=== WHAT IS EXPECTED ===
Begin at the line containing "Jeans Cici mit sportivem Denim" and retype each line through the end of the records exactly. Include nothing else and no pictures.
---------------
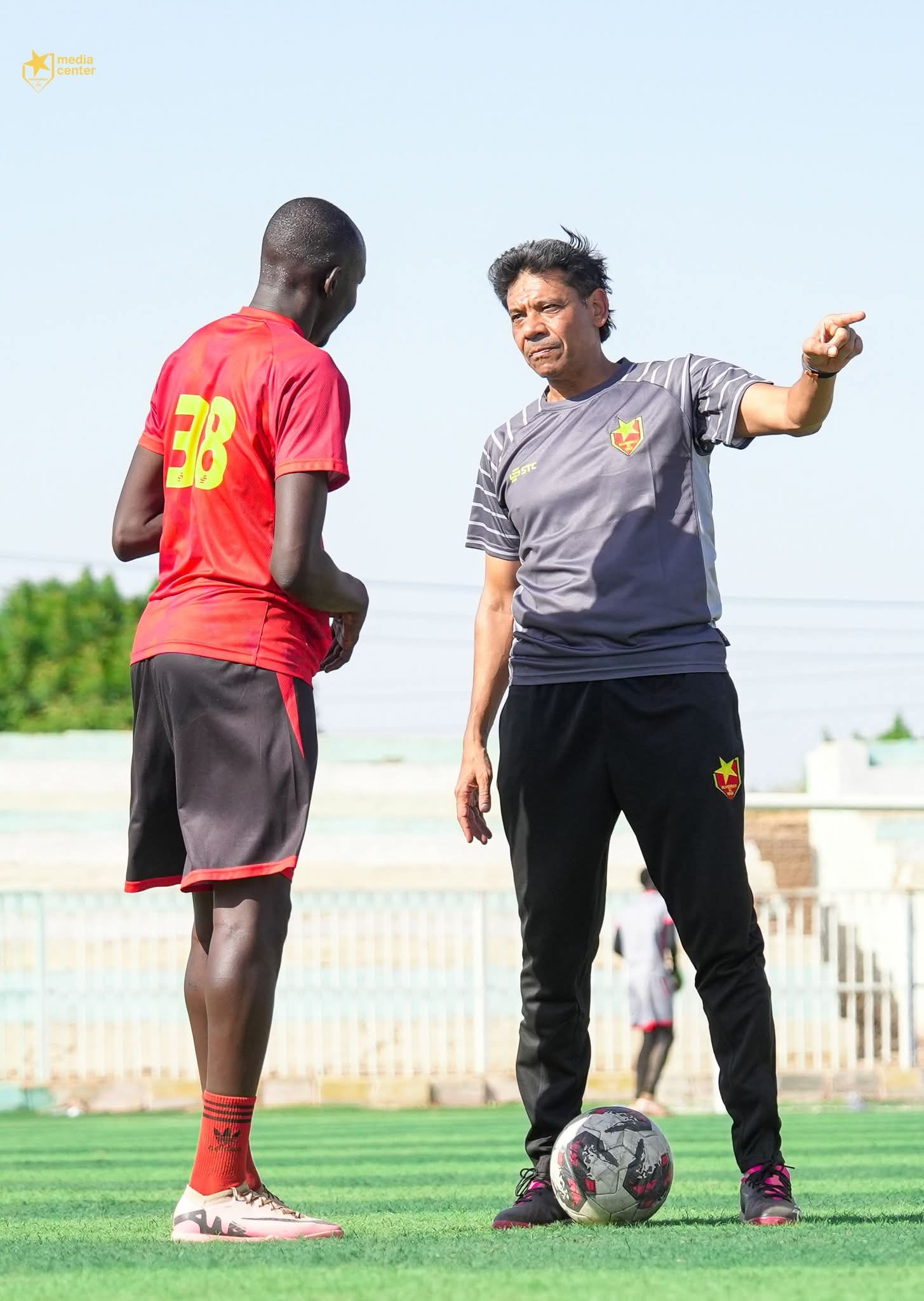 المريخ يفتح ملف حي الوادي 2 المريخ يفتح ملف حي الوادي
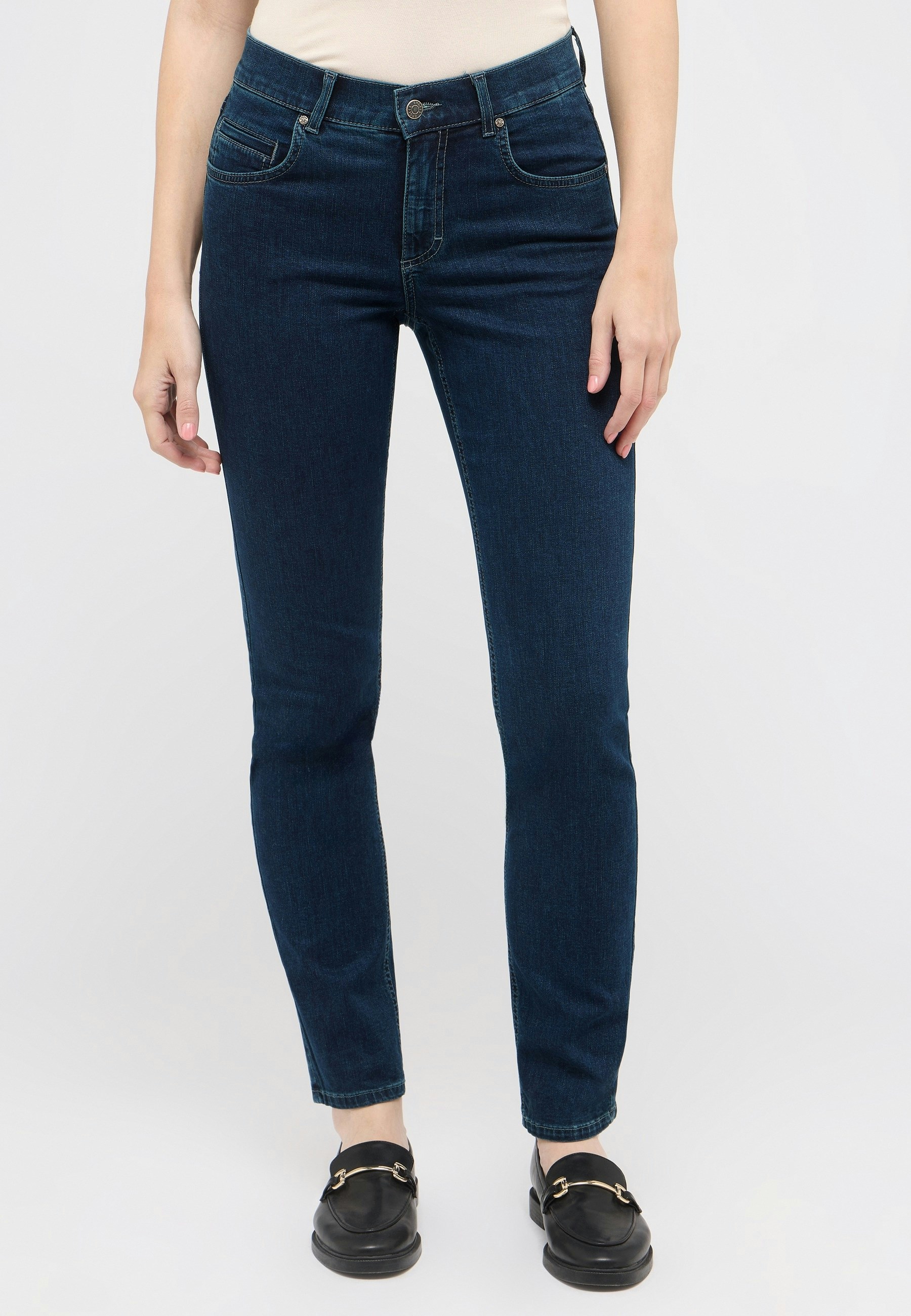 Jeans Cici mit sportivem Denim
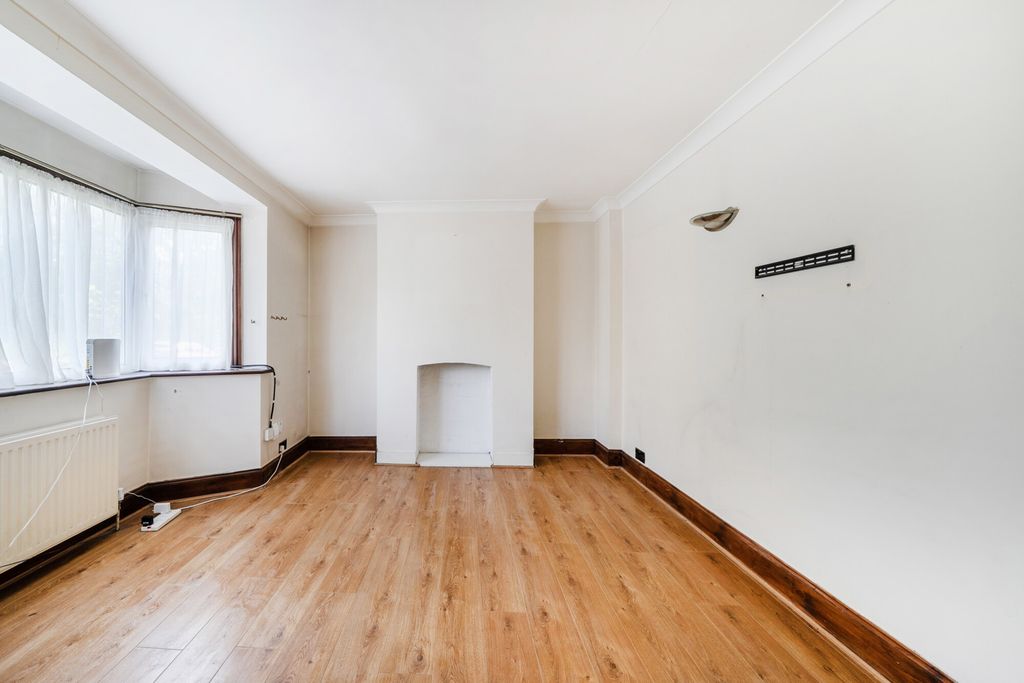 Property photo 2 of 20 1456024-2-69Fdb9d...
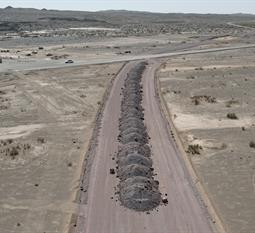 راه سازی در مجتمع معادن سنگ آهن اسمالون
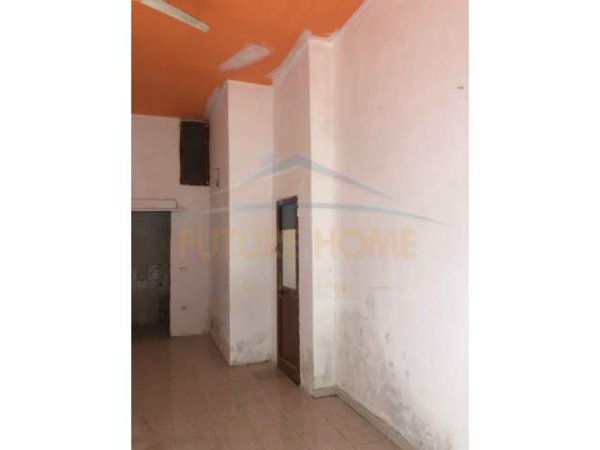 Durres, shitet dyqan Kati 0, 45 m² 42.000 Euro (Plazh)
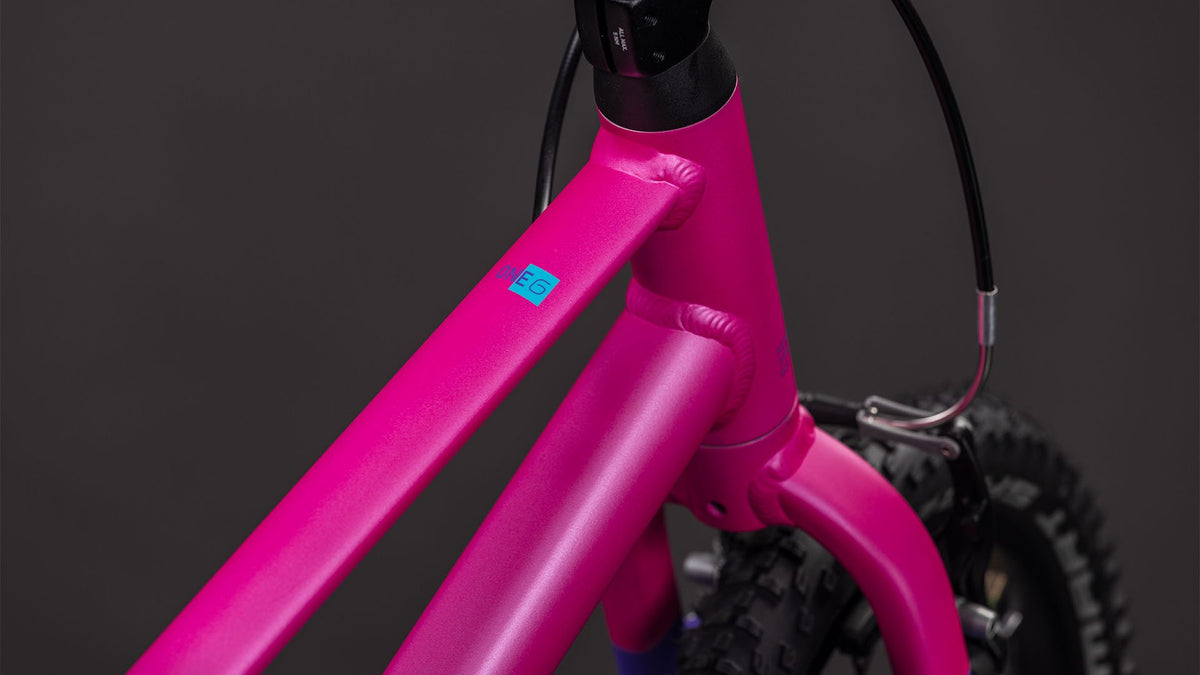 Bicicleta CUBE Numove 160 fucsia n plum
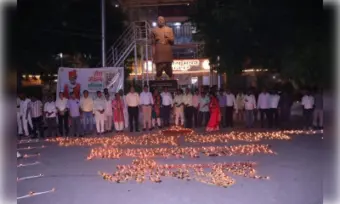 गोमती घाट पर जले 25 हजार दीप, लेजर शो से जगमगाया जौनपुर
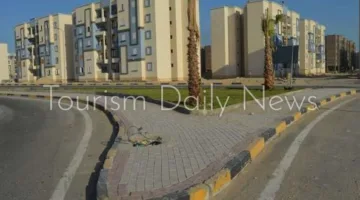 الغردقة تُحسن المدخل الشمالي وتجمّل المدينة بتلوين الأرصفة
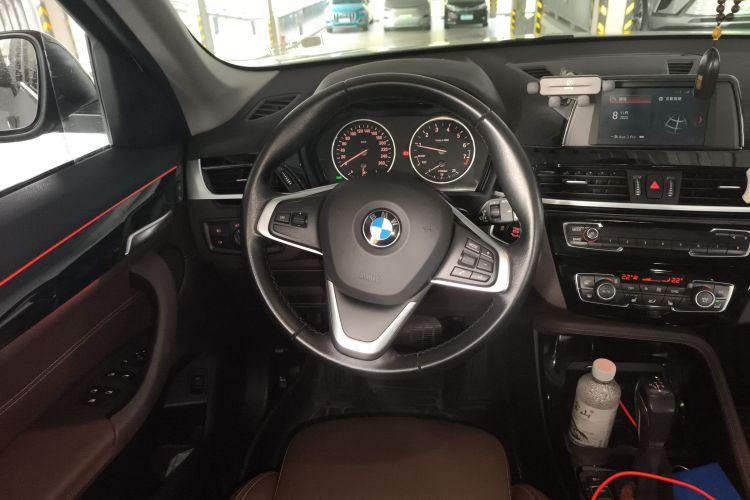 宝马X1 2018款 sDrive18Li 尊享型中控内饰13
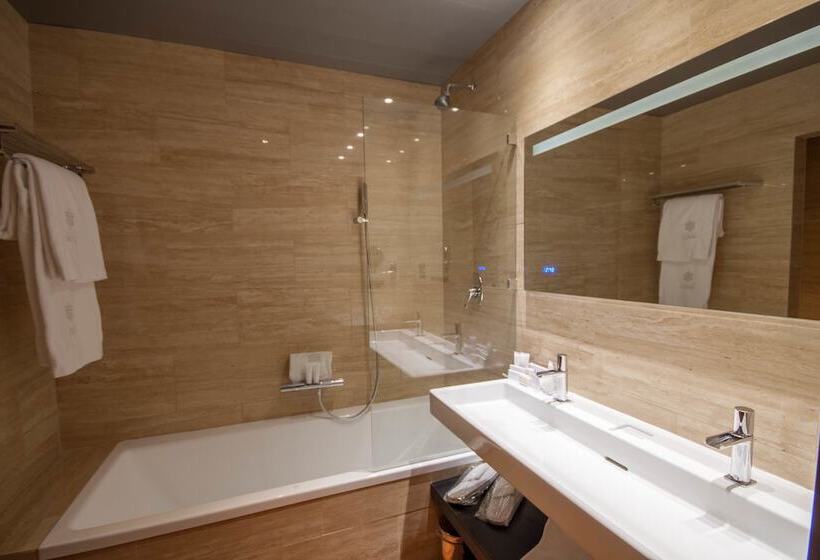 سوئیت خانواده 2 خوابه, Palacio Pinello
---------------
=== COMPLETED EXERCISE ===
 Jeans Cici mit sportivem Denim
 Property photo 2 of 20 1456024-2-69Fdb9d...
 راه سازی در مجتمع معادن سنگ آهن اسمالون
 Durres, shitet dyqan Kati 0, 45 m² 42.000 Euro (Plazh)
 Bicicleta CUBE Numove 160 fucsia n plum
 गोमती घाट पर जले 25 हजार दीप, लेजर शो से जगमगाया जौनपुर
 الغردقة تُحسن المدخل الشمالي وتجمّل المدينة بتلوين الأرصفة
 宝马X1 2018款 sDrive18Li 尊享型中控内饰13
 سوئیت خانواده 2 خوابه, Palacio Pinello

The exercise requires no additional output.